How can I stop being angry?

Compassion and wisdom are like two wings, without which you cannot fly.  Each helps reduce anger, by increasing empathy and tolerance.

Anger is one of the most destructive emotions we have.  It gives rise to violence, both physical and mental.  It can spawn revenge, unkindness, deliberate deprivation, abuse of human rights, fighting, war.  It is the primary motivation behind so many things regarded as evil.

Often, it is only when the results of our anger have hurt ourselves, that we see how destructive it can be.  Humans have a habit of ignoring the pain of those who are distant from them.  So, when our wars kill people overseas, we are almost blind to it.  Even when our unkind words make other people’s lives difficult, we often turn a blind eye.

Fortunately, some people set about trying to rid themselves of anger.  The advantage of eliminating anger, or at least reducing it, is that it reduces suffering.


There is some bad news.  This is that anger is built into our animal nature.  From early evolution, certain survival responses have been embedded in many animals.  The network of related reactions includes: recoil, repulsion, distaste, fear, anxiety, self-defence, territorial behaviour… essentially, we have developed an ability to distance ourselves from difficult things.  And anger, as we know it, is one of the linked responses which has become natural to us.

What does this mean?  It means that eliminating anger is a tricky task, because it is ingrained in our bodies.


The good news, on the other hand, is that most humans are trainable.  It is perfectly possible, through training and practice, to greatly reduce angry responses.

Although irritable behaviours are hardwired into us, they are not the only ways that our minds and bodies can function.


There are several ways of reducing our anger response, but I suggest they divide, roughly speaking, into two main types of method.  The first method is compassion.  The second method is wisdom.  Although these two methods act together, you may find you have a natural affinity for one or the other, depending on your circumstances and abiities.


The first method for reducing anger is compassion.  This involves understanding, and empathising with, the lives of others, so that your mind understands easily and clearly the problems that they face, and feels on their side.

Anger involves a strong sense of separateness, and of selfishness.  In other words, when you are angry, you inevitably feel separate from the object of your anger, and become selfishly obsessed with protecting your own welfare, even at the expense of others.

If you can make an effort to immerse yourself in others’ experience, then you will feel less separate from them, and feel less need to defend yourself.

You might find it difficult to generate compassion, especially if you feel aggrieved against the object of your anger.  You may think to yourself: ‘They have hurt me, so why should I be kind to them?’  Certainly, if they are likely to hurt you or others in the near future, then you may want to take protective action.  But this does not mean you need to stay angry.


A simple way of cultivating compassion is to meditate on the object of your anger.

  1. Sit somewhere peacefully.  If you are a seasoned meditator, then do your usual preparation rituals.
  2. Hold in your mind the object of your anger.  If this is a person, then think about them.
  3. Try to imagine what their life is like, and the difficulties they face.  Try to forget yourself, and appreciate their suffering.
  4. Whenever you find yourself become angry, focus your attention away from yourself, and towards their suffering.
It can take decades to develop strong enough compassion to counter serious anger issues, but it is possible.

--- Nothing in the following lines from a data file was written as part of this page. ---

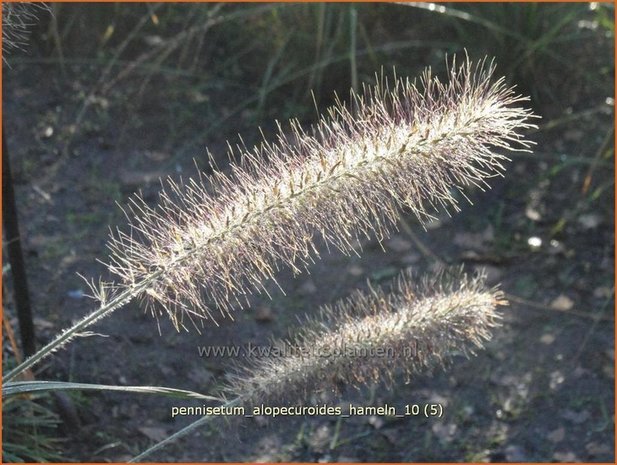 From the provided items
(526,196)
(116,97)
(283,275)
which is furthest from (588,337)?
(116,97)

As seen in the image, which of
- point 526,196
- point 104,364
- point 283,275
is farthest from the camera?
point 526,196

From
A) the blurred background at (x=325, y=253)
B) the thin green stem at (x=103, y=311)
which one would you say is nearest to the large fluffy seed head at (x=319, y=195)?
the thin green stem at (x=103, y=311)

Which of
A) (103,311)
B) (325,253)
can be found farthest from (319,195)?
(325,253)

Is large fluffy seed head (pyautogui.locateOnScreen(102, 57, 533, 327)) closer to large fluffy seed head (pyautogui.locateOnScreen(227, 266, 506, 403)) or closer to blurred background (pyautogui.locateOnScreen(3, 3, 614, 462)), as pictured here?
large fluffy seed head (pyautogui.locateOnScreen(227, 266, 506, 403))

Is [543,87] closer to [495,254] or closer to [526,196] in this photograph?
[526,196]

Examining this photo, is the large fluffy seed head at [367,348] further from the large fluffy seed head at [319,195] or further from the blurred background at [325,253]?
the blurred background at [325,253]

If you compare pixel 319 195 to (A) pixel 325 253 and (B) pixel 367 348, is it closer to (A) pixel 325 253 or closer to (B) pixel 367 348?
(B) pixel 367 348

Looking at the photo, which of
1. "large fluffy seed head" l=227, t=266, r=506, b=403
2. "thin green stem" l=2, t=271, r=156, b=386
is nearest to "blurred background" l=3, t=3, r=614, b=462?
"large fluffy seed head" l=227, t=266, r=506, b=403

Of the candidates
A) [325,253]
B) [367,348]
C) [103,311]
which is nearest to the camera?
[103,311] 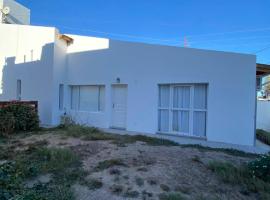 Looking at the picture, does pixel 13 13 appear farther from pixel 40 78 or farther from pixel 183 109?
pixel 183 109

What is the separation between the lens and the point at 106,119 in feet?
44.1

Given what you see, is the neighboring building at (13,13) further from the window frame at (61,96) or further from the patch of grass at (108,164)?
the patch of grass at (108,164)

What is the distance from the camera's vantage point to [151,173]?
244 inches

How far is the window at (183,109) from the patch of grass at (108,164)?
16.3ft

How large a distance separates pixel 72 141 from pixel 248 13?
14.2 metres

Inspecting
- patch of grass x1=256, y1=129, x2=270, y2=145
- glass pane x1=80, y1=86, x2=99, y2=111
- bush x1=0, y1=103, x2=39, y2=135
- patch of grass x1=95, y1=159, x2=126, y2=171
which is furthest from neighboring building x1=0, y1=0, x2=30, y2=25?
patch of grass x1=256, y1=129, x2=270, y2=145

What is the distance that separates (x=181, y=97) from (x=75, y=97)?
259 inches

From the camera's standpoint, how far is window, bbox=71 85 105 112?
14.0 metres

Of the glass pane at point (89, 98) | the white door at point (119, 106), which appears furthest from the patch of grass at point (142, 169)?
the glass pane at point (89, 98)

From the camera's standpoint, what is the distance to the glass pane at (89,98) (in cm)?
1415

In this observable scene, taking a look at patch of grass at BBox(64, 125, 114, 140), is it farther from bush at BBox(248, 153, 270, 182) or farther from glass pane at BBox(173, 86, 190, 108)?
bush at BBox(248, 153, 270, 182)

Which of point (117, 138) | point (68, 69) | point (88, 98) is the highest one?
point (68, 69)

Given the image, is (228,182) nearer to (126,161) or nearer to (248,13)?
(126,161)

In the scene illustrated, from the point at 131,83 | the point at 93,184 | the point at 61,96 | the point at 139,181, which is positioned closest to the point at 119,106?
the point at 131,83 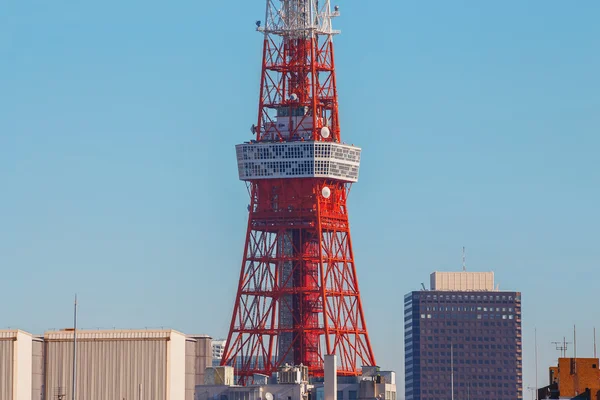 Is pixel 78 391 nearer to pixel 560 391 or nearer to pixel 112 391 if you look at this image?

The second method for reducing anger is wisdom.  This involves understanding the arbitrary nature of opinion, and appreciating the fact that all viewpoints are essentially only a perspective.

Anger involves a strong sense of the rightness of one’s own position and perspective.  When you are angry, you are convinced that your viewpoint has special privileges.  You can see this in online arguments.  Each side becomes more and more insulting, as each person becomes more strongly convinced that their enemy does not have the right to respect.

Some people find it difficult to generate all-seeing wisdom, because they cannot find the spare space in their minds.  ‘Why should I see their point of view?’ they may think.  ‘I don’t have time.’  Certainly we need to ration our time well.  But if seeing other points of view makes us less angry and destructive, then it can be time well spent.


A simple way of cultivating wisdom is to meditate on the emptiness of your own understanding.

  1. As above, sit somewhere peacefully.
  2. Hold in your mind something that you know makes you angry.
  3. Analyse your own reaction, watching it mindfully.
  4. Contemplate the essential emptiness of your viewpoint.  Appreciate it is only one view.
Just as with compassion, it can take decades to dissolve your own angry perspective.  Many people spend their whole lives, until death, unable to forgive or forget certain things.  But it is possible to forgive and forget even the worst of things, and create space in the mind again.



Anger is hugely destructive.  The bad news is it is ingrained in our animal nature.  But the good news is that we can train ourselves towards a more peaceful response.

Two key aspects of anger are (1) failure to appreciate the suffering of others, and (2) over-reliance on one’s own viewpoint.  To counteract these two elements, we can (1) meditate compassionately on others’ suffering, and (2) meditate thoughtfully on alternative viewpoints.

If we can train ourselves in this way, we can find ourselves becoming more peaceful as people, because we are less self-grasping, and less opinionated.